* [Exercise requirements]:
Reproduce all the records word for word. Omit images.

* [Crawled caption data]:
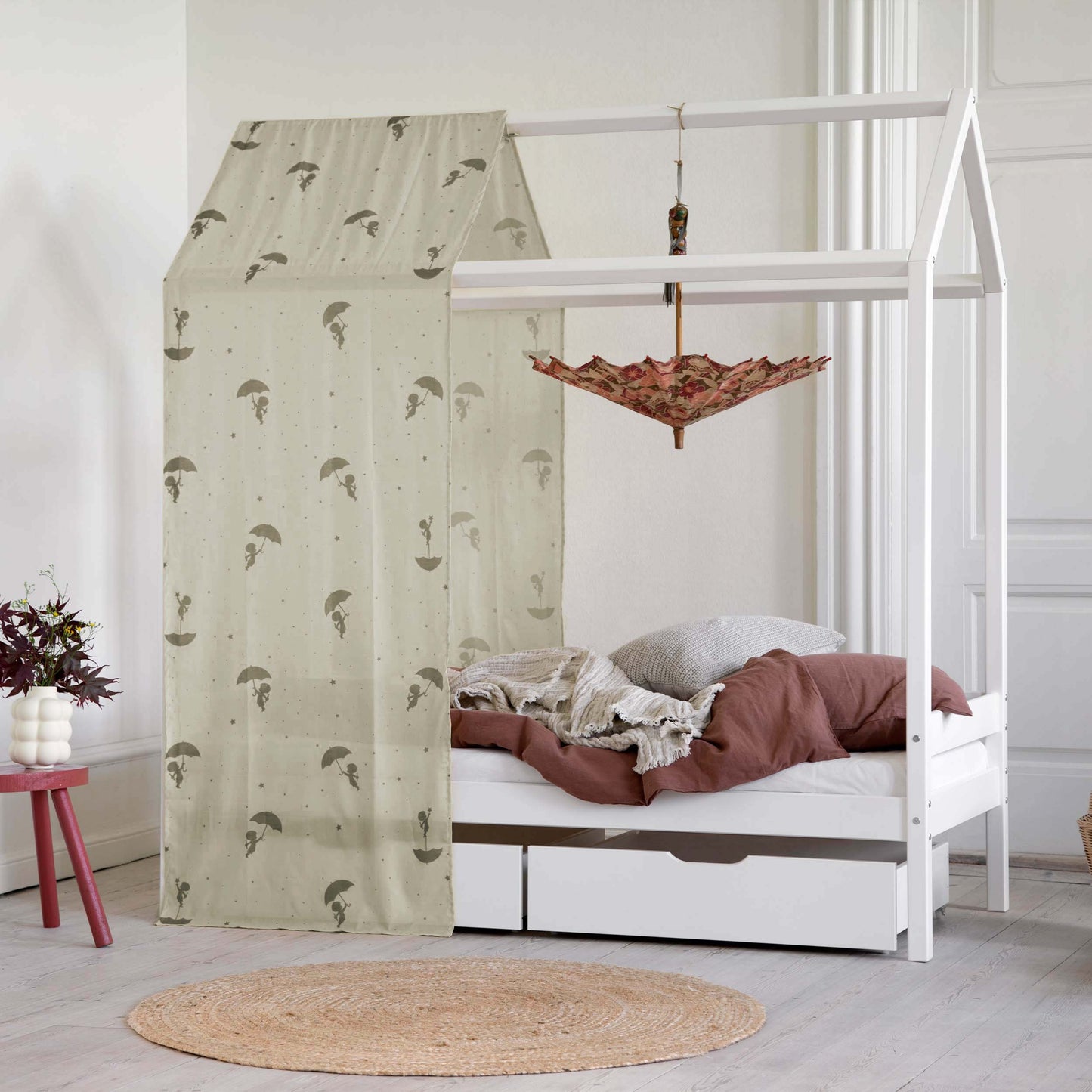 Hoppekids Eco Comfort House Bed - 70 x 160 cm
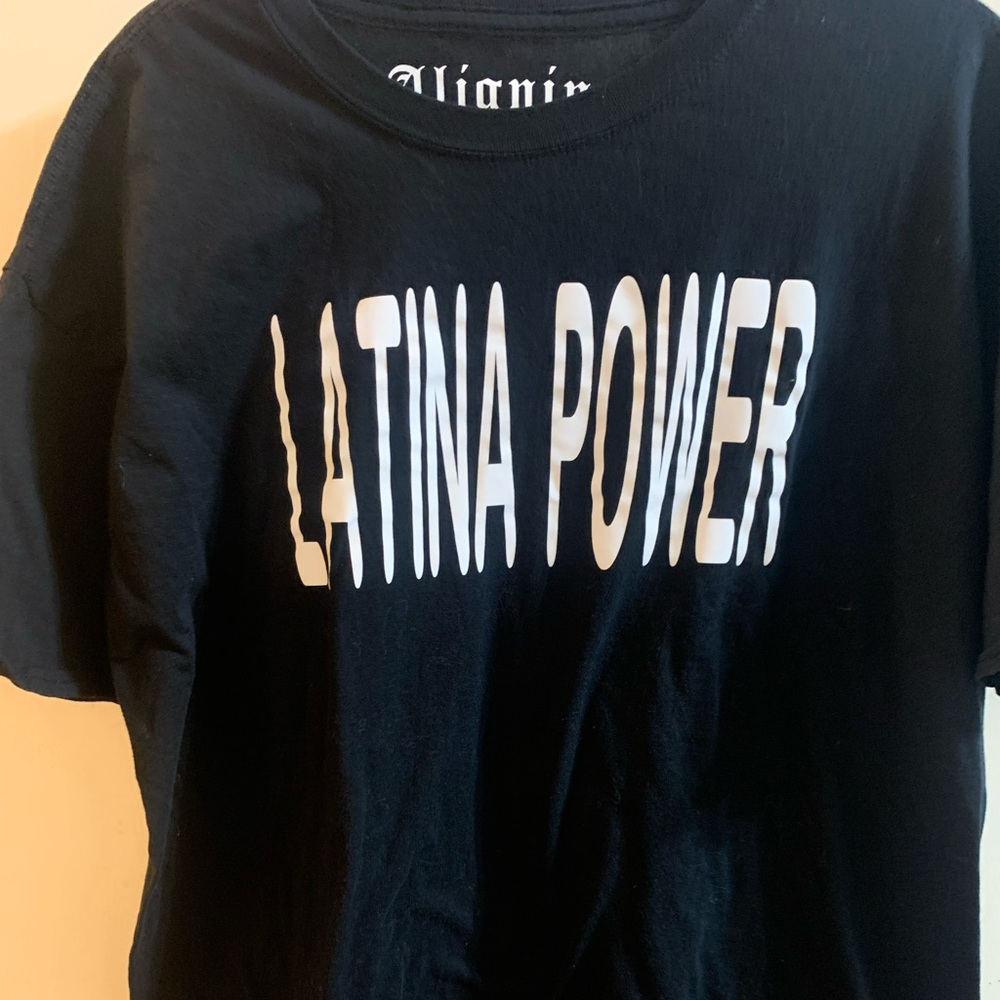 2x black tee Latina Power.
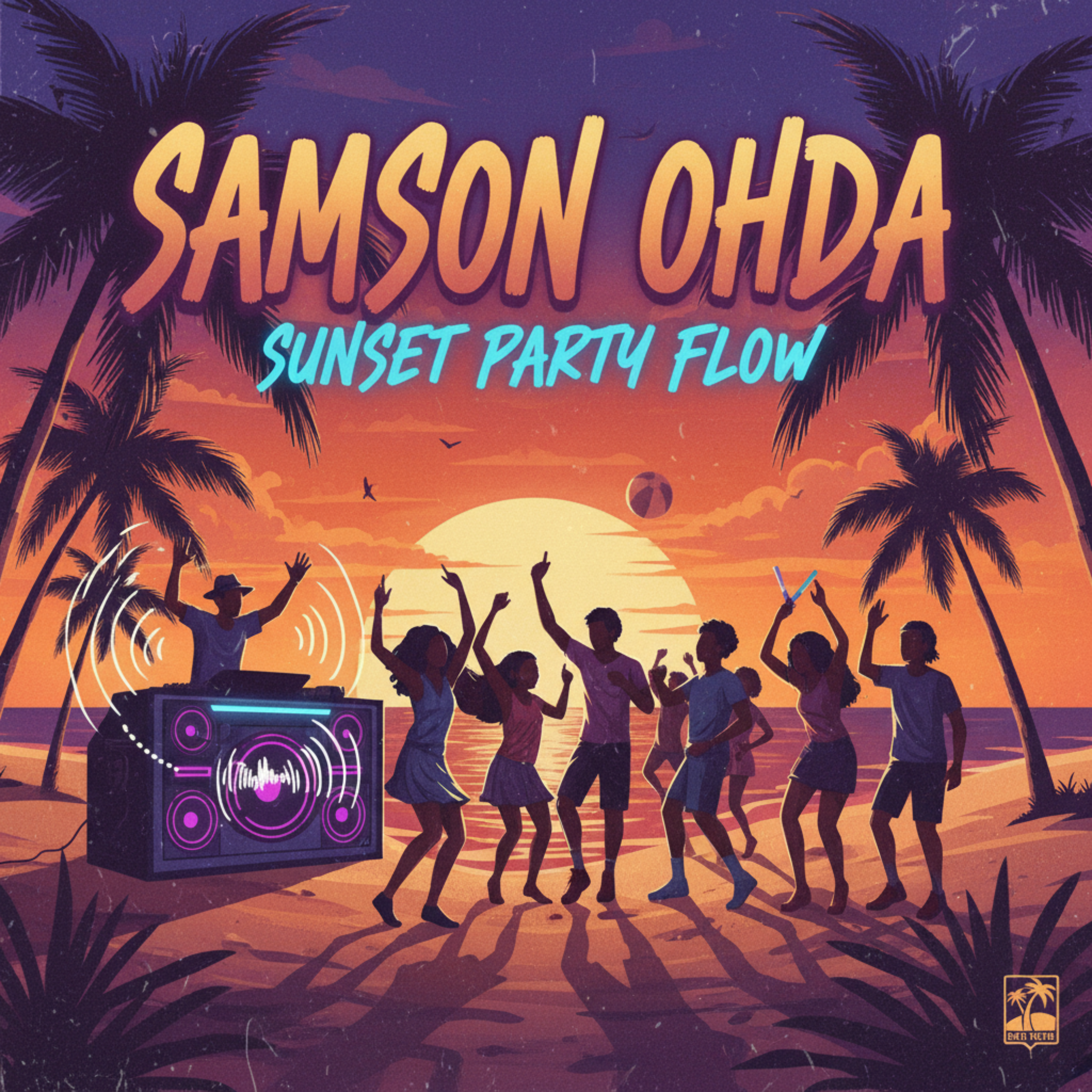 Sunset Party Flow artwork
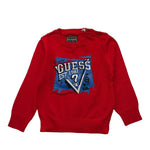 GUESS maglia girocollo tinta unita con stampa Rosso per Neonato N4YR03Z2VV0XXX ROSSO GUESS 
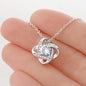 To My Loving Mom | Thank You Love Knot Necklace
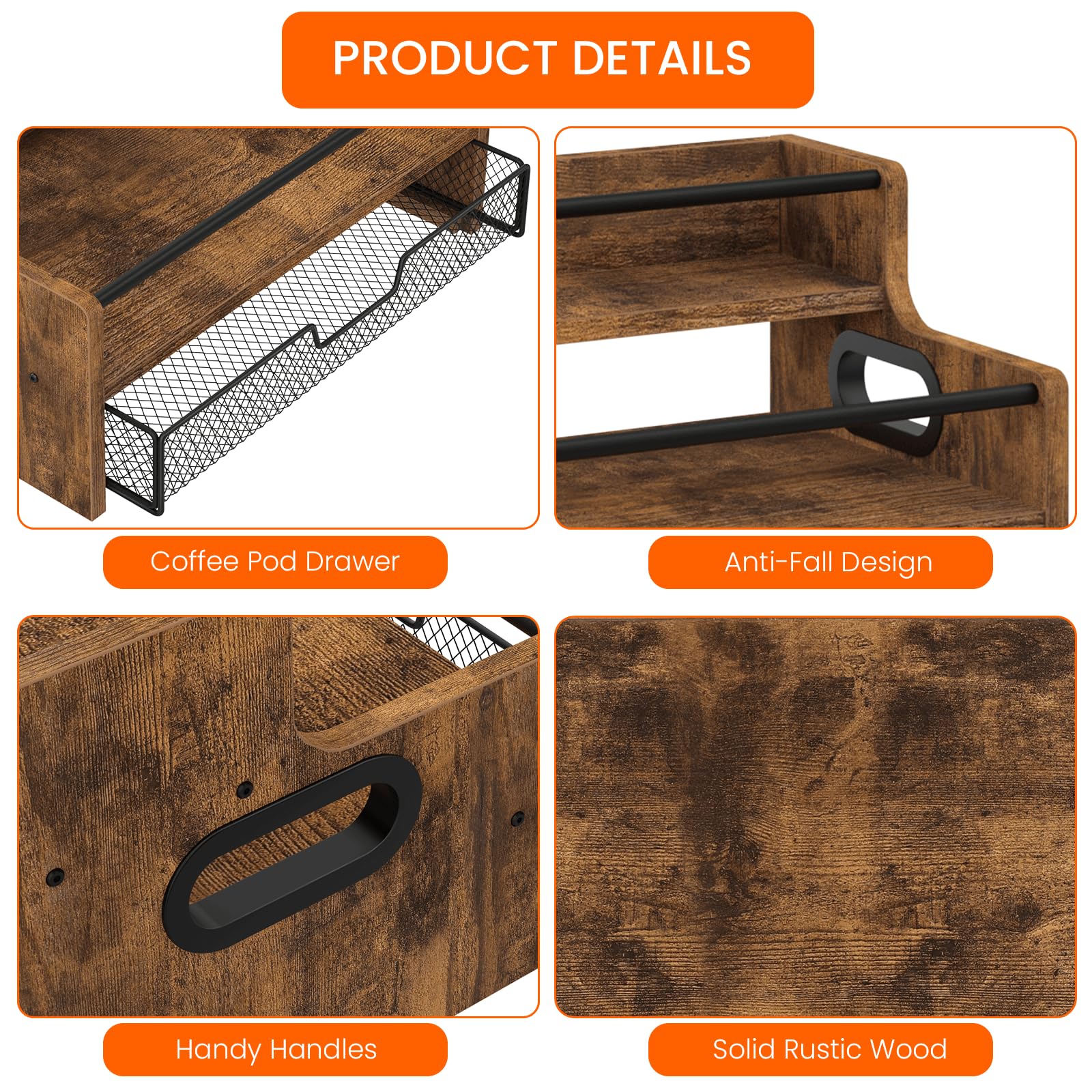 Homode side handles simplify moving the organizer across counters.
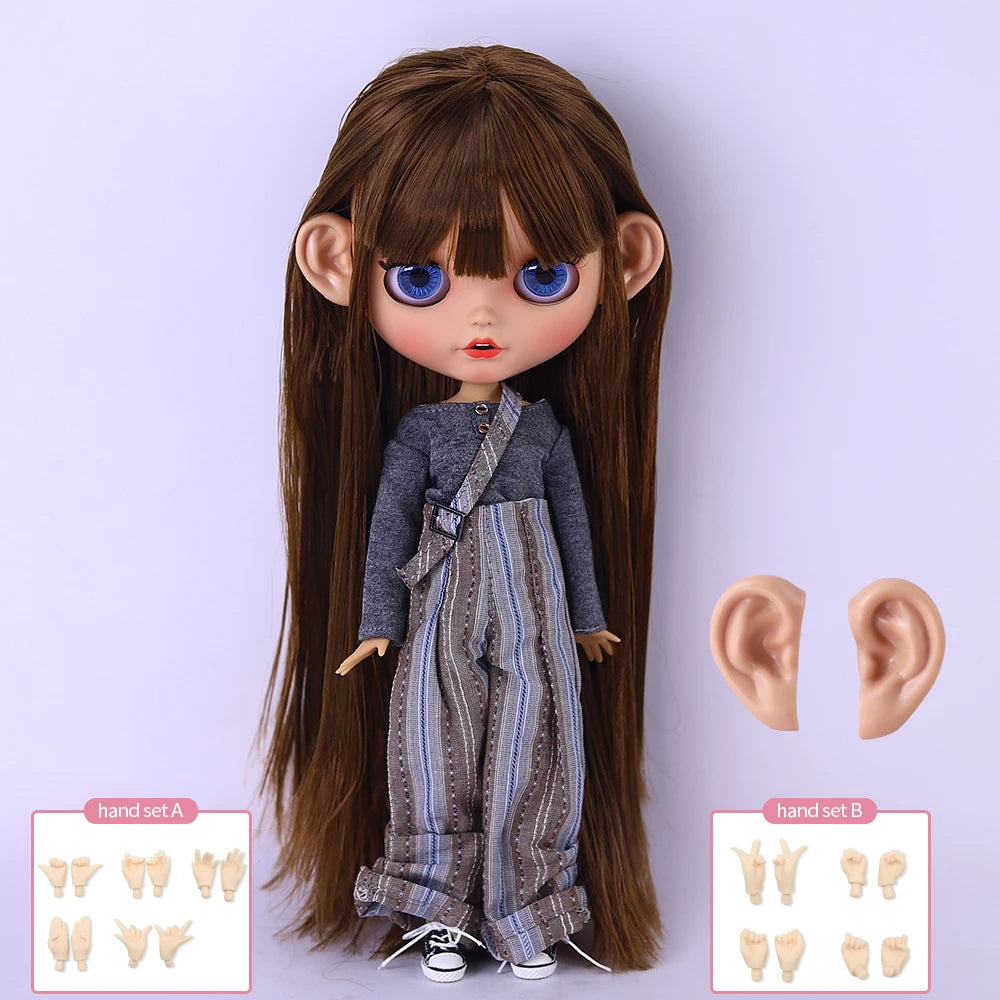 ICY DBS Blyth 1/6 BJD30cm Brown Hair Open End Doll, please refer to the doll options selection, suitable for gift giving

* [Result of this exercise]:
 Hoppekids Eco Comfort House Bed - 70 x 160 cm
 2x black tee Latina Power.
 Sunset Party Flow artwork
 GUESS maglia girocollo tinta unita con stampa Rosso per Neonato N4YR03Z2VV0XXX ROSSO GUESS 
 To My Loving Mom | Thank You Love Knot Necklace
 Homode side handles simplify moving the organizer across counters.
 ICY DBS Blyth 1/6 BJD30cm Brown Hair Open End Doll, please refer to the doll options selection, suitable for gift giving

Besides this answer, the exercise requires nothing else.